Cyasterone regulates lipid metabolism and autophagy mediated by the AMPK signaling pathway to improve KOA synovitis.

Abstract

BACKGROUND: Knee osteoarthritis (KOA) represents a chronic degenerative disorder associated with functional disability. Synovitis constitutes a major driver of KOA progression and clinical deterioration. Cyasterone (CYA) exerts therapeutic effects on KOA, yet its underlying mechanism remains undefined. PURPOSE: This study integrated non-targeted metabolomics with molecular biology approaches to investigate the therapeutic potential of CYA in KOA rats. METHODS: A KOA model was established by ACLT. After CYA intervention at graded concentrations, synovial tissue was subjected to pathological assessment and inflammatory evaluation. Non-targeted metabolomics was performed to characterize metabolic alterations.
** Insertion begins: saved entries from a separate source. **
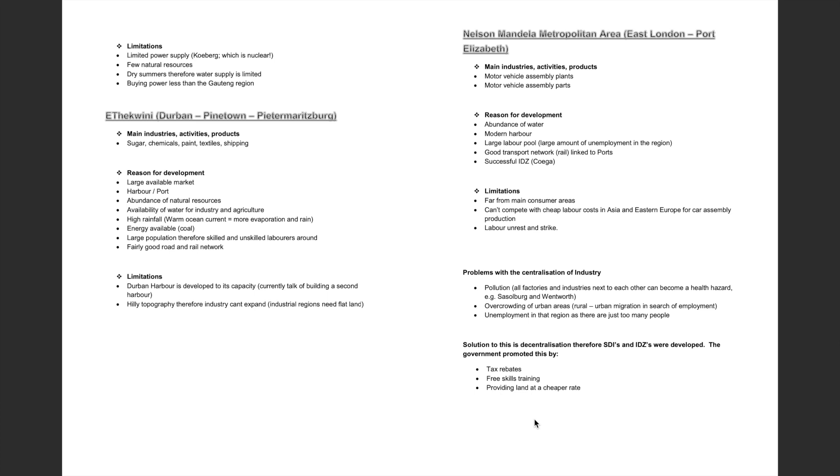Some limitations in the Southwestern Cape include limited power supply, few natural resources, dry summers therefore limited water supply, and buying power in this area is less than the Gauteng region.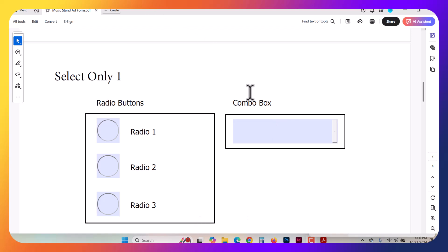In this InDesign video, we're going to take a look at the combo box, creating a combo box for a PDF interactive form.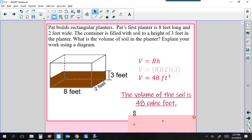Please don't make the mistake — it's a minor one but important — of saying 'volume of the planter.' It's actually the volume of the soil. As the question writer, we could have said the planter itself has a height of 5 feet, and some of you would use 8 × 2 × 5, but that would be the volume of the planter, not what was asked. Make sure you read for clues about what's important.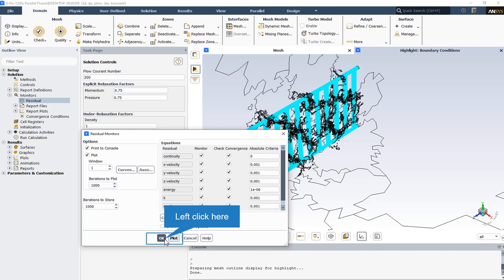You can check convergence only for variables for which you are monitoring residuals. And finally the absolute criteria or relative criteria shows the residual value for which the solution of each variable will be considered to be converged. To set this value manually enter the new value in the corresponding absolute criteria field.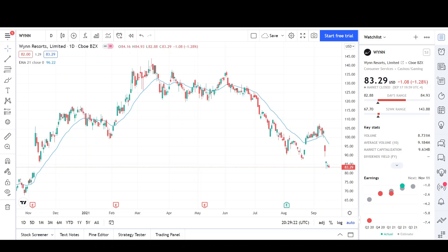Just a reminder that this video is for entertainment purposes only and does not constitute any financial advice. We will start out the technical analysis by going over what I've seen on the daily chart and potential price targets. Then we will take a quick look on the weekly chart to wrap it all up.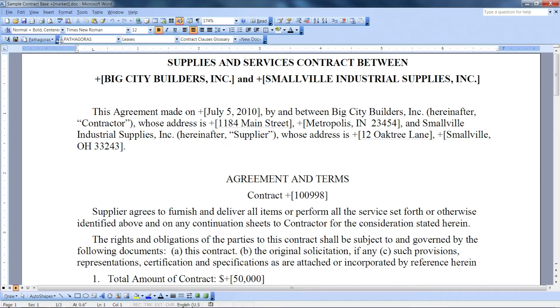By the way, if you accidentally missed the first occurrence and marked the second or even the fourth instance of the term as it appears in the document, don't worry — Pythagoras will find the earlier ones for you and convert them.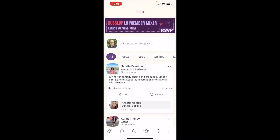There are thousands of entertainment industry professionals using HustleUp, and that community is growing daily. Our new search features help you to find members to connect with when you're looking to find colleagues or staff up a project.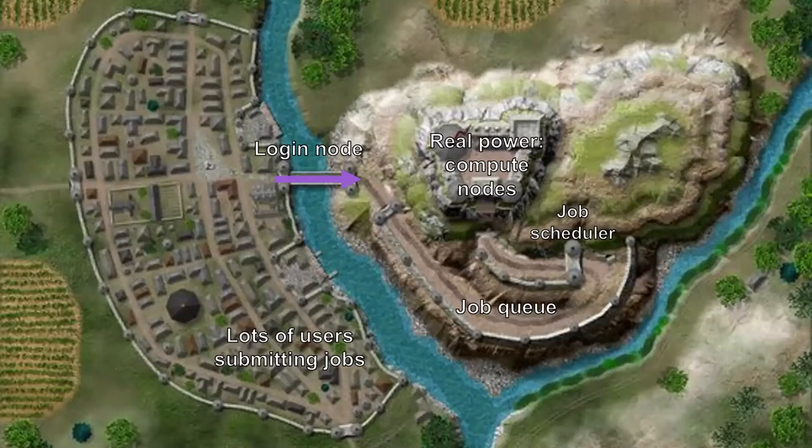As soon as we log in, essentially most of us want to submit a job. And to submit a job, there's only so many nodes, and not everybody can get in directly. So what we do is use specific commands that submit it to the job queue. The queue lines them up and waits to see if the compute nodes are available, and if they are, it approves them and says your job is being run.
Fibroblast-like synovial cells (FLS) were isolated, and after group-specific treatment, analyses included EdU staining, Hoechst 33,342/PI double staining, flow cytometry, immunofluorescence, transmission electron microscopy (TEM), mRFP-GFP-LC3 puncta assay, Western blotting, and q-PCR. Molecular docking, molecular dynamics simulation (MDS), and surface plasmon resonance (SPR) techniques were explored the binding potential between CYA and the AMPK. RESULTS: Histopathological analysis demonstrated that CYA significantly alleviated synovitis progression in KOA. Metabolomics revealed extensive metabolic dysregulation in KOA, with CYA intervention restoring lipid metabolic balance. Molecular assays showed that CYA attenuated inflammatory cytokine production, suppressed FLS proliferation, and enhanced FLS apoptosis during KOA progression. Mechanistically, CYA regulated lipid metabolism in FLS through AMP-activated protein kinase (AMPK) activation, characterized by increased p-ACC and CPT1 expression, decreased FASN, SREBP-1, and SCD-1 expression, elevated GSH levels, reduced MDA accumulation, and diminished neutral lipid droplets. CYA also promoted AMPK-dependent autophagy, evidenced by upregulation of p-ULK1, LC3B, and Beclin1, concomitant downregulation of P62, enhanced autophagosome formation, and increased autophagic flux. Subsequent validation confirmed that modulation of lipid metabolism and autophagy via the AMPK pathway accounted for the protective effects of CYA against KOA synovitis. Molecular docking, MDS, and SPR results indicate that CYA exhibits high affinity for the AMPK protein. CONCLUSION: CYA activates AMPK signaling, restores lipid metabolic homeostasis, and enhances autophagy, thereby mitigating KOA synovitis.